The Forum for Discussion about The Third Manifesto and Related Matters

Please or Register to create posts and topics.

TD data in JSON

Page 1 of 2Next

Is there a standard mapping of TD-compliant RM data onto JSON?

The approach that first comes to my mind is to represent a relation as a JSON object with two names, "heading" and "data", where the value of the first is another JSON object mapping attribute names into attribute type names, and the value of the second is a JSON array of JSON objects that map attribute names into attribute values.  A tuple is represented similarly, except that the value of "data" is a single object rather than an array of objects. A third name "type" could be added to make the distinction between relations and tuples more explicit.

As for TD integers, rationals, strings, and booleans become JSON numbers, numbers, strings, and booleans respectively.  TD integers and rationals too large or too precise to be represented as JSON numbers (which are 64-bit floats) can be transferred as strings, since the type of every datum is known and JSON's manifestly typed values are just a convenience.  Custom scalar values are JSON objects with two names, "name" for the string name of the scalar type, and "possrep" for an object that maps from named selector arguments to their values.  The value of "name" must be recognized by the client.  Semi-standardized types like timestamps may be represented by strings like "2019-06-24T00:47:16.107122953Z or equivalently as:

{"name": "timestamp", "possrep: {"seconds": 1561351636, "nanoseconds": 107122953}}

IMAO, SQL's DATE, TIME, and TIMESTAMP types with or without timezones are all horrible: the only time-related type in a database should be a Posix timestamp (the number of seconds since the Posix Epoch, 1970-01-01T00:00:00" proleptic UTC time, but excluding all leap seconds) and of nanoseconds relative to the second.  If you really care, replace "seconds" with "tai" and give the number of seconds since the Epoch including leap seconds.

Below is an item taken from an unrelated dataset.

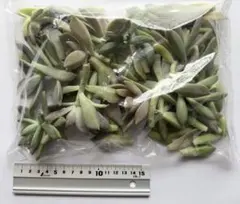 多肉植物•葉挿し•抜き苗　まとめ売りのサムネイル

Of course, JSON null is not used for anything!

Quote from johnwcowan on June 24, 2019, 2:43 pm

Is there a standard mapping of TD-compliant RM data onto JSON?

No. What would it be used for?

I'm the forum administrator and lead developer of Rel. Email me at dave@armchair.mb.ca with the Subject 'TTM Forum'. Download Rel from https://reldb.org
Quote from Dave Voorhis on June 24, 2019, 2:45 pm
Quote from johnwcowan on June 24, 2019, 2:43 pm

Is there a standard mapping of TD-compliant RM data onto JSON?

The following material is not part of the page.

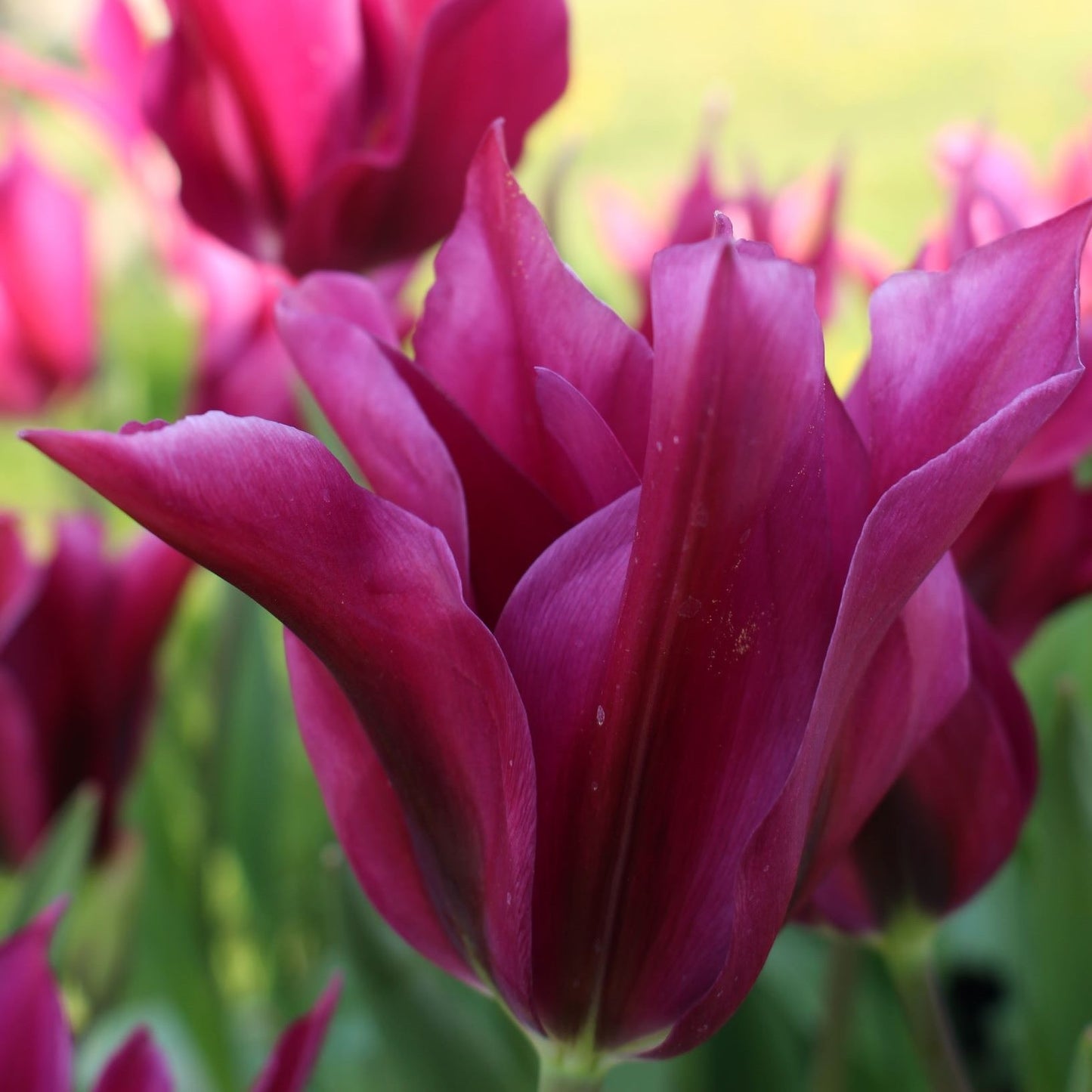 Tulip - Purple Doll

No. What would it be used for?

Moving TD-compliant data between environments such as between a database and a backup file, two different databases on the same engine or on different engines (especially if using incompatible storage conventions), or between clients and servers (per the other thread), or from a TD-compliant database to a SQL database (within SQL's limited capabilities) or vice versa (provided the SQL data conforms to the RM).

Quote from johnwcowan on June 24, 2019, 2:49 pm
Quote from Dave Voorhis on June 24, 2019, 2:45 pm
Quote from johnwcowan on June 24, 2019, 2:43 pm

Is there a standard mapping of TD-compliant RM data onto JSON?

No. What would it be used for?

Moving TD-compliant data between environments such as between a database and a backup file, two different databases on the same engine or on different engines (especially if using incompatible storage conventions), or between clients and servers (per the other thread), or from a TD-compliant database to a SQL database (within SQL's limited capabilities) or vice versa (provided the SQL data conforms to the RM).

Rel database backups are simply Tutorial D scripts that re-create the original database. Likewise for copying data between databases -- simply emit the data as a Tutorial D script and run it as a Tutorial D script.

The Rel front-end (aka DBrowser) supports reading SQL tables (and writing too, soon) from any JDBC-compliant SQL DBMS, and imports/exports CSV and Excel .xls/.xlsx files.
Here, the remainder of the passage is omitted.